Note that we use 100 permutations for demonstration only. To draw robust conclusions a minimum of 1000 permutations should be carried out.
res <- overlapPermTest(cpg, prom, mask = NA, genome = "hg19", ntimes = 100, per.chromosome = TRUE, count.once = TRUE) res
## $numOverlaps
## P-value: 0.0099009900990099
## Z-score: 56.9304
## Number of iterations: 100
## Alternative: greater
## Evaluation of the original region set: 719
## Evaluation function: numOverlaps
## Randomization function: randomizeRegions
##
## attr(,"class")
## [1] "permTestResultsList"
summary(res[[1]]$permuted)
## Min. 1st Qu. Median Mean 3rd Qu. Max.
## 86.0 112.0 117.0 117.4 123.0 139.0
The resulting permutation p-value indicates a significant enrichment. Out of the 2859 CpG islands, 719 overlap with at least one promoter. In contrast, when repeatedly drawing random regions matching the CpG islands in size and chromosomal distribution, the mean number of overlapping regions across permutations was 117.4 \(\pm\) 10.6.

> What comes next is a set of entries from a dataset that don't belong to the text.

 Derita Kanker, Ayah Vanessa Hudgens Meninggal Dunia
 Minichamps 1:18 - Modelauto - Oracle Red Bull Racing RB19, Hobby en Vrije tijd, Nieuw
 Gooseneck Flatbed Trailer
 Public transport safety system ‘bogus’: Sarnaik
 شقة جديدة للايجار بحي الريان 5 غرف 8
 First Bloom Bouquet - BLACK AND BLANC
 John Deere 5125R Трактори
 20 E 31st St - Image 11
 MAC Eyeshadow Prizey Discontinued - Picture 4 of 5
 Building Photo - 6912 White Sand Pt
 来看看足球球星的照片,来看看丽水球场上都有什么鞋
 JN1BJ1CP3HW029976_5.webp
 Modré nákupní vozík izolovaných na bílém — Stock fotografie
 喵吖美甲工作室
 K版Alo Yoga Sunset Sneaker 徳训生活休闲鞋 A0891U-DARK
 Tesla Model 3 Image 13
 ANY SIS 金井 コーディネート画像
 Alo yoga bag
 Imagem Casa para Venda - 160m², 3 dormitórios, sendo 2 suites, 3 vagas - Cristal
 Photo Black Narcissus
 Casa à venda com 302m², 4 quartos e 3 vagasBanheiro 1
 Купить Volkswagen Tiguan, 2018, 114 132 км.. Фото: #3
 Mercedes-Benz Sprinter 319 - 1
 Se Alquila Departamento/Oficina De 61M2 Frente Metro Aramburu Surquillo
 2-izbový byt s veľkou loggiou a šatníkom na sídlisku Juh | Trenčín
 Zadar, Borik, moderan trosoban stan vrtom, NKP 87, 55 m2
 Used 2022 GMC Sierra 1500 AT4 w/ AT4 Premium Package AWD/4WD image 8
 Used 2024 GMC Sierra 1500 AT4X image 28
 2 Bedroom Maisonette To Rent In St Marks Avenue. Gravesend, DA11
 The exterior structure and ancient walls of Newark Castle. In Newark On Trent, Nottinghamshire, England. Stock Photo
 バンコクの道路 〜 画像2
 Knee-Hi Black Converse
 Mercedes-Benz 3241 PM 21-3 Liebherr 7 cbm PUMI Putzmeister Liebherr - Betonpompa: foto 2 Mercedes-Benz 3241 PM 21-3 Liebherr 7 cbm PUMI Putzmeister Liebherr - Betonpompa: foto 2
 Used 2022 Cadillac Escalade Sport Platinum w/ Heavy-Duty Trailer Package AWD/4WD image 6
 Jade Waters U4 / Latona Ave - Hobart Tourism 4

Note #1: The function regioneR::permTest
allows to incorporate user-defined functions for randomizing regions and evaluating additional measures of overlap such as total genomic size in bp.
Note #2: The LOLA package implements a genomic region ORA, which assesses genomic region overlap based on the hypergeometric distribution using a library of pre-defined functional region sets.